圭太:クラブのパーティーだと、クラブの会員さんであることが前提だったりしますからね。それに、競馬場ですと、フェンスやラチ越しでしか会う機会もありませんから。ファンの皆さんと身近に会うことで温かさ、パワーをいただいたと思います。
-:毎週の騎乗も大事ではありますが、こういった機会があることも日々の中で刺激になるでしょうし、公に出る人間として、歓声を浴びることも悪くないでしょうね。

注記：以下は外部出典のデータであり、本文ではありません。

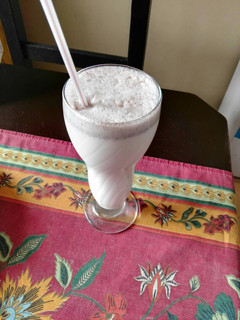 Una foto de Licuado de helado granizado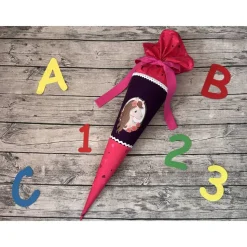 zauberhafte Schultüte Zuckertüte in Lila & Rotpink mit Pferd & Herzen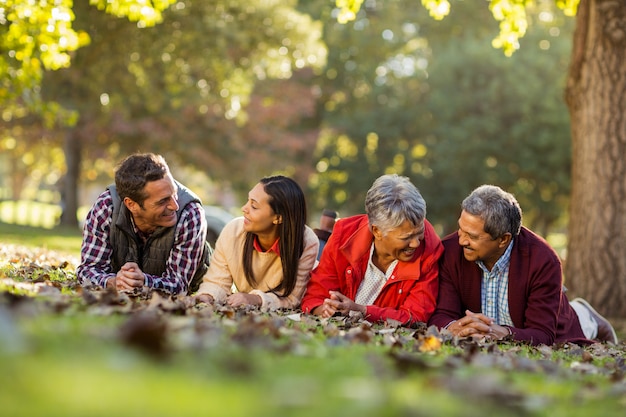 Joyeuse famille se trouvant au parc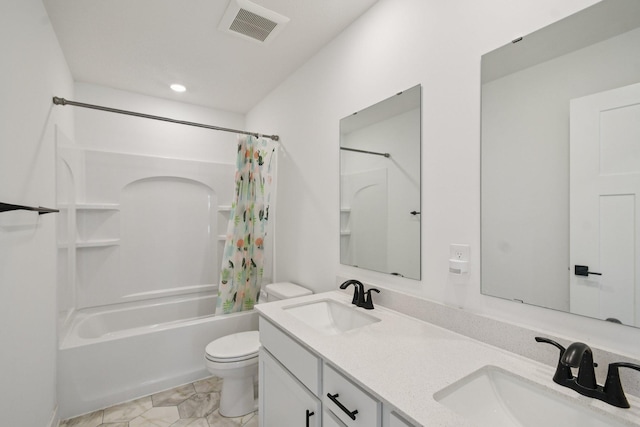 5173 Useppa Trl, Woodbury, MN 55129 - full bath with shower / tub combo with curtain, double vanity, and recessed lighting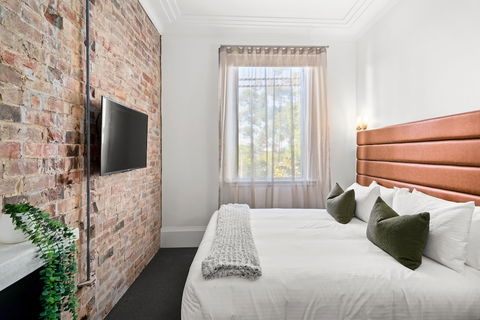 Grand Hotel Wyong - Perth Resorts 3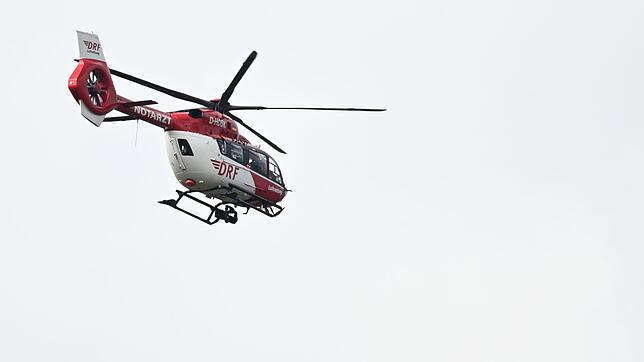 Per Rettungshubschrauber kam der 85-Jährige nach dem Brand ins Krankenhaus. (Symbolbild)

圭太:いつになるか分かりませんが、自分としてはこういう場をまた作れればと思います。今回、チケットも売り切れたそうで、来られなかった方もいるでしょうからね。
▲地方競馬時代の勝負服で登場!
▲乾杯の音頭
▲序盤は過去のレースを回顧
▲大勢のファンを背に記念撮影
▲戸崎騎手と地方競馬時代の同期・川江調教助手(栗東・山内厩舎)と藤懸騎手も駆けつけた
▲ファンとの交流も
▲当日の模様は後日、動画でお届けします!
-:僕としても、直前でああしなきゃ、こうしなきゃという考えも出てきましたし、また機会があればよろしくお願いします。今週の騎乗馬の話題を伺う前に、残念なお知らせも。騎乗予定だったスプリンターズS(G1)のステルヴィオ、秋華賞(G1)のウィクトーリアと相次いで回避が発表されました。
圭太:残念ですね。ステルヴィオはまだ調教にも乗せていただいていなかったですが、ウィクトーリアはローズSの直線で耳を絞るようなところがありました。この馬の上(兄アストラエンブレム)にも乗せていただき、気性的な課題を感じていたので、夏を越してそういう兆候が出てきたのかな…と思いましたが、後から故障の知らせを聞くと、レース中に馬は感じていたのかもしれませんね。
-:確かに押し切れそうで、あとひと押しにも映りました。レース内容を観ると、秋華賞はいいだろうなあと思ったのですが…。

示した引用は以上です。